Plauen ist Spitzenreiter beim Bußgeld im Vogtland

Spitzenreiter beim Bußgeld im Vogtlandkreis ist Plauen. Die Stadt schaffte sich durch den Einsatz von Blitzer genau 784.028,65 Euro an Einnahmen im vergangenen Jahr.

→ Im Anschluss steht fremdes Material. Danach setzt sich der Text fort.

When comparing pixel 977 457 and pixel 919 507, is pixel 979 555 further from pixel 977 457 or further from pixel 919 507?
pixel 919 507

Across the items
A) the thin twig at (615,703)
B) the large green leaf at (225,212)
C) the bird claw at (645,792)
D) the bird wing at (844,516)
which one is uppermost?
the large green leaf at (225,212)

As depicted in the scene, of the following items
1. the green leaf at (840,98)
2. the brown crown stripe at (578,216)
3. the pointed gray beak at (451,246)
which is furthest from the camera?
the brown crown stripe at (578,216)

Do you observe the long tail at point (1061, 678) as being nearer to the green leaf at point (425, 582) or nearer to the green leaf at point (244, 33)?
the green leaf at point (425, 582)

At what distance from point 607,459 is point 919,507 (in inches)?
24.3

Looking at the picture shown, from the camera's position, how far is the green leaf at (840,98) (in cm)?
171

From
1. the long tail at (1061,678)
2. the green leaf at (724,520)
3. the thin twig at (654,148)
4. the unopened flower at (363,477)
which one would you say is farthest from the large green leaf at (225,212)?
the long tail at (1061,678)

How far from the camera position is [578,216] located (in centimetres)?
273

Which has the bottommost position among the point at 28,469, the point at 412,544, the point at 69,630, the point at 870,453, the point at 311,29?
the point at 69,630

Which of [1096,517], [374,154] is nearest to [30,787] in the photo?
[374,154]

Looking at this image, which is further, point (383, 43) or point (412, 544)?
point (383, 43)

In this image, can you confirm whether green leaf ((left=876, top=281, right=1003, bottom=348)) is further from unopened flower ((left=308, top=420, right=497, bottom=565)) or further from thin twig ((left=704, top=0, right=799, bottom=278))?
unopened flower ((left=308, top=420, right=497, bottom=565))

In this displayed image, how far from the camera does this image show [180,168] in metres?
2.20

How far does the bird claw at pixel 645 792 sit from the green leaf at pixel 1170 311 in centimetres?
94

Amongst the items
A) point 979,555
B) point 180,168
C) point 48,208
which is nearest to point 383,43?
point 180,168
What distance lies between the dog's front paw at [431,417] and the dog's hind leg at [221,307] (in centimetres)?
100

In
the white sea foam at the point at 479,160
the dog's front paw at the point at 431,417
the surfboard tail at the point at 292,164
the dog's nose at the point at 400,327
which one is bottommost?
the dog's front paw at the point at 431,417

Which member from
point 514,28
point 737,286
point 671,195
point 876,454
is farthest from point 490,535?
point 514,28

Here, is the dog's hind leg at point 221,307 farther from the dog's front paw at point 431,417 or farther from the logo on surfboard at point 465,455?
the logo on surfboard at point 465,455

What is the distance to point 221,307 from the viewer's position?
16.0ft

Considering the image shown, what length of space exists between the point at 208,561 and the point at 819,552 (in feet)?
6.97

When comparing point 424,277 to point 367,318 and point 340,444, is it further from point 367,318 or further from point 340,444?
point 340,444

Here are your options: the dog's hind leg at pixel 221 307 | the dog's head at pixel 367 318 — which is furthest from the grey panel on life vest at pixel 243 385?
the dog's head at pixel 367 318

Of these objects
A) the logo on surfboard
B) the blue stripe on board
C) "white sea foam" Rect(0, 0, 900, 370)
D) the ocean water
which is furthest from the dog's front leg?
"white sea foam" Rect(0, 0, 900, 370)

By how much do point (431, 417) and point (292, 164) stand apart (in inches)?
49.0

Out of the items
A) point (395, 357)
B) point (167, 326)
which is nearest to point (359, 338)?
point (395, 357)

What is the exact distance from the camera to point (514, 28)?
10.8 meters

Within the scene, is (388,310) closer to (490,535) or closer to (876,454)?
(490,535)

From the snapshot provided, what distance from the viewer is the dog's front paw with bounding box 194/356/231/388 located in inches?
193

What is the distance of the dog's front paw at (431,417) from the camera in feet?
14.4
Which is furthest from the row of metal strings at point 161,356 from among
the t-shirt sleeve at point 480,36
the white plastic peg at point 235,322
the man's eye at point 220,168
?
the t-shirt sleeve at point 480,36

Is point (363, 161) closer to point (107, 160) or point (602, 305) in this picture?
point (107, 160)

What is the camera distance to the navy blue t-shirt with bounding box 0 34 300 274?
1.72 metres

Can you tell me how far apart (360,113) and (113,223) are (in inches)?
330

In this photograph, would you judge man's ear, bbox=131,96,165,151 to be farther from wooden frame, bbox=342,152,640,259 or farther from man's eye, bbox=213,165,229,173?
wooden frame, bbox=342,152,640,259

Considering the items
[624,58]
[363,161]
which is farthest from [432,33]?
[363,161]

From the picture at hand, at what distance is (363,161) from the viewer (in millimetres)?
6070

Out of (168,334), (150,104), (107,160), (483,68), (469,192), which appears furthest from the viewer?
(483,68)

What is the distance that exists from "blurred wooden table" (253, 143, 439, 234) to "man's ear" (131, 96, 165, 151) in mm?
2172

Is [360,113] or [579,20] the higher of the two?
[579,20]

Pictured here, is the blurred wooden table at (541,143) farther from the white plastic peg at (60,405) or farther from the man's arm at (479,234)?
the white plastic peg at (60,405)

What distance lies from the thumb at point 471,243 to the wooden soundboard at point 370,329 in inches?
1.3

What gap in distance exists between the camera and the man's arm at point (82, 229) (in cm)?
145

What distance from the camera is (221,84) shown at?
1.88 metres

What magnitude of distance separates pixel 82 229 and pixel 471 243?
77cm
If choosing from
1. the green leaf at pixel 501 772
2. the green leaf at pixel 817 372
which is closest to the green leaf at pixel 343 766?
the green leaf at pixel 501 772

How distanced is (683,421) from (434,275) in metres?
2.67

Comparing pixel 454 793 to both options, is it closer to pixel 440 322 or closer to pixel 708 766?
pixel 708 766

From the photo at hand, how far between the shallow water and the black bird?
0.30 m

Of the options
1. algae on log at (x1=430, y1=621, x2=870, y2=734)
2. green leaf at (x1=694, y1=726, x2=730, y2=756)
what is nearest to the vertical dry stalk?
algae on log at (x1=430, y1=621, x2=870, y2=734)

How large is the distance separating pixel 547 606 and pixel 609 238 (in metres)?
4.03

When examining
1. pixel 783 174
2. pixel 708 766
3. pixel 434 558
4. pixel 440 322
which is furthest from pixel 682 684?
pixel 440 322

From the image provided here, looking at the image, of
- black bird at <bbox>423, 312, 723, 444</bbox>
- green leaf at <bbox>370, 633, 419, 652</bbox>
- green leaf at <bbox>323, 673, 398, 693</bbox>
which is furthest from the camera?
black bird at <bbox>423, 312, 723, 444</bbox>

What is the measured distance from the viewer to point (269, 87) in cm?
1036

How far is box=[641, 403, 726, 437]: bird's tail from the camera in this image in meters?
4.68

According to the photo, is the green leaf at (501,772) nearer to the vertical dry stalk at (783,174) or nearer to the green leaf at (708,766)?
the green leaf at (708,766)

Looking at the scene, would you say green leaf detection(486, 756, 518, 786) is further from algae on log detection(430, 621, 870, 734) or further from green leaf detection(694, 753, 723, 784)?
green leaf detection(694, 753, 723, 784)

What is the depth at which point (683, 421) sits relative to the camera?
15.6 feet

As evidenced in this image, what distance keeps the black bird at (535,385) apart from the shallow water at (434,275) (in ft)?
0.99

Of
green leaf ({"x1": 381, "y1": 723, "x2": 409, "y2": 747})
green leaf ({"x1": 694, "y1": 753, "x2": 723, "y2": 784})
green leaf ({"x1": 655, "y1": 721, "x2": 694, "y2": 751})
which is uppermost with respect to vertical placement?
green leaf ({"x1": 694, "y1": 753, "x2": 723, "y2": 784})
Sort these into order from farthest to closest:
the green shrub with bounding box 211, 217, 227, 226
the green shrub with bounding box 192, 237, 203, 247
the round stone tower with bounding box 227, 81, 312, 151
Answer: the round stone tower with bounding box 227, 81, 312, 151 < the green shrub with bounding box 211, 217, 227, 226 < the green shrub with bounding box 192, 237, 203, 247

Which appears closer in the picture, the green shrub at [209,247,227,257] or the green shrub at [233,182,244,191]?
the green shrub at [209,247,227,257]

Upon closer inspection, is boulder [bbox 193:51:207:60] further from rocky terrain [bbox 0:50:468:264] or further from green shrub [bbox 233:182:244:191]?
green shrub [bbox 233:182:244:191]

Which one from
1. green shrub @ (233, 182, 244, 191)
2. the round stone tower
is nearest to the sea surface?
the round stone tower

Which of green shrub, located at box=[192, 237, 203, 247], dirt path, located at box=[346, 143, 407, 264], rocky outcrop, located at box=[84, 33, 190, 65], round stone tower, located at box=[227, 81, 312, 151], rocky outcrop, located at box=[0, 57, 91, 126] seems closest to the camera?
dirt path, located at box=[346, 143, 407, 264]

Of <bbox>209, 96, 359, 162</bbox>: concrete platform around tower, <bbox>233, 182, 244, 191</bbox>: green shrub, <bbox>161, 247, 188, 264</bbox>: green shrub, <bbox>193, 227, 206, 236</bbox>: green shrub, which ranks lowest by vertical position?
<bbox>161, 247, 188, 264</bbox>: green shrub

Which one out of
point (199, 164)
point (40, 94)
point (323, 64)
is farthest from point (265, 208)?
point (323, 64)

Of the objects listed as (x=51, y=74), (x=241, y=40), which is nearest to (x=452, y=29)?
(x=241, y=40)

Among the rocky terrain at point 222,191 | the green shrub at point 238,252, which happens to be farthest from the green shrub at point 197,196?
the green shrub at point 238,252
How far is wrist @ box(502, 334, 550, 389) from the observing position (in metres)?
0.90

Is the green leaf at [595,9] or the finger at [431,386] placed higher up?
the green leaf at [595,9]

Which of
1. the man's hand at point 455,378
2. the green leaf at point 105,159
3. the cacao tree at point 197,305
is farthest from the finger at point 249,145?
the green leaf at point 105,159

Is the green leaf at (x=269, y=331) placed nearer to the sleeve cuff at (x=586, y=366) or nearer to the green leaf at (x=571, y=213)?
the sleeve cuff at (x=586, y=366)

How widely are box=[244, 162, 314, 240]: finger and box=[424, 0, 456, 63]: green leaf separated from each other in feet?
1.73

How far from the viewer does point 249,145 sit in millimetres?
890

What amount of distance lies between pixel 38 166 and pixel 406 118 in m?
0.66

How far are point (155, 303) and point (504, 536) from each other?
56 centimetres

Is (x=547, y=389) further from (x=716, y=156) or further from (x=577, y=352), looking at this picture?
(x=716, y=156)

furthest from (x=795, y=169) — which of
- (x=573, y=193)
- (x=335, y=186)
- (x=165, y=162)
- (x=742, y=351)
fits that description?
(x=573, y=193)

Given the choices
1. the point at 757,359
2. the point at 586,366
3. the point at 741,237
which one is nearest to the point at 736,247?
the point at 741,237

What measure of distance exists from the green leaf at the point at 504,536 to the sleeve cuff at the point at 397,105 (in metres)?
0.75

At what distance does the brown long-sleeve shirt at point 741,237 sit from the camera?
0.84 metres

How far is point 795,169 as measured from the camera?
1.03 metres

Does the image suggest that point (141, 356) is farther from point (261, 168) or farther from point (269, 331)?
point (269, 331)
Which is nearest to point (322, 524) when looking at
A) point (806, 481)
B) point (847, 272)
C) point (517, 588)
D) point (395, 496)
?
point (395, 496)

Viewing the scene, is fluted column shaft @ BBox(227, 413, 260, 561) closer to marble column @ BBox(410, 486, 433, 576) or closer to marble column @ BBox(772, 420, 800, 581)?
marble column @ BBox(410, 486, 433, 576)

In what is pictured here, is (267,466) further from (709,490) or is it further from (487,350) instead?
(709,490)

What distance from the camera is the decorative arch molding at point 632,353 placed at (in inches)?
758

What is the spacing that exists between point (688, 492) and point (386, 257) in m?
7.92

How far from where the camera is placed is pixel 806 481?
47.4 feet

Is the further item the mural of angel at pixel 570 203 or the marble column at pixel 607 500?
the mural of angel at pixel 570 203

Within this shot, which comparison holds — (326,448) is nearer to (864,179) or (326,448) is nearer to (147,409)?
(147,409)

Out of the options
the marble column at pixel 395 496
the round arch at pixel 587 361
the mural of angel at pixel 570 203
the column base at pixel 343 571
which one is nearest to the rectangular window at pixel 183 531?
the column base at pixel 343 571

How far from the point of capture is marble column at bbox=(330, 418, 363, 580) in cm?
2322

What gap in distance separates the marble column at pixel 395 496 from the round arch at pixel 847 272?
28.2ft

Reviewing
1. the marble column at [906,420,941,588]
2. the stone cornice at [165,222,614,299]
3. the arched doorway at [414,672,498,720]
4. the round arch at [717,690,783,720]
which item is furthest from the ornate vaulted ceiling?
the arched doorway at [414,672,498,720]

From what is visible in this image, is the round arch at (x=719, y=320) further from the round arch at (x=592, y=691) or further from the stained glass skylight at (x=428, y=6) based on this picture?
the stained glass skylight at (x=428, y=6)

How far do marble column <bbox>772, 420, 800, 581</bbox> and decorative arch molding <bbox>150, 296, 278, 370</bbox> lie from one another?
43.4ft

Das sind noch einmal 100.000 Euro mehr als 2012, als Plauen bereits bei den Bußgeldern an der Spitze stand. In der Statistik aller Städte über 10.000 Einwohner, liegen die weiteren vogtländischen Städte deutlich unter den Einnahmen der Plauener. So fielen in Reichenbach Bußgelder in Höhe von 10.644 Euro an, die Oelsnitzer zahlten knapp 65.000 Euro. Das geringste Blitzer-Geld floss mit rund 40.000 Euro in Auerbach ins Stadtsäckel. Nach Aussage von FDP-Landtagsabgeordneten Prof. Dr. Andreas Schmalfuß, der die Zahlen am Mittwoch öffentlich machte, würden Verkehrssünder offenbar zu einem Wirtschaftszweig der Kommunen.

"Ganz klar müssen an Unfallschwerpunkten, vor Kitas und Schulen Tempolimits rigoros durchgesetzt werden. Jeder Blitzer, der möglichst viele Einnahmen erzielen soll, ist aber fehl am Platz. So wird das Ziel der Verkehrssicherheit konterkariert, weil Autofahrer bei Blitzer-Abzocke kein Unrechtsbewusstsein entwickeln", sagt Schmalfuß. C.Z.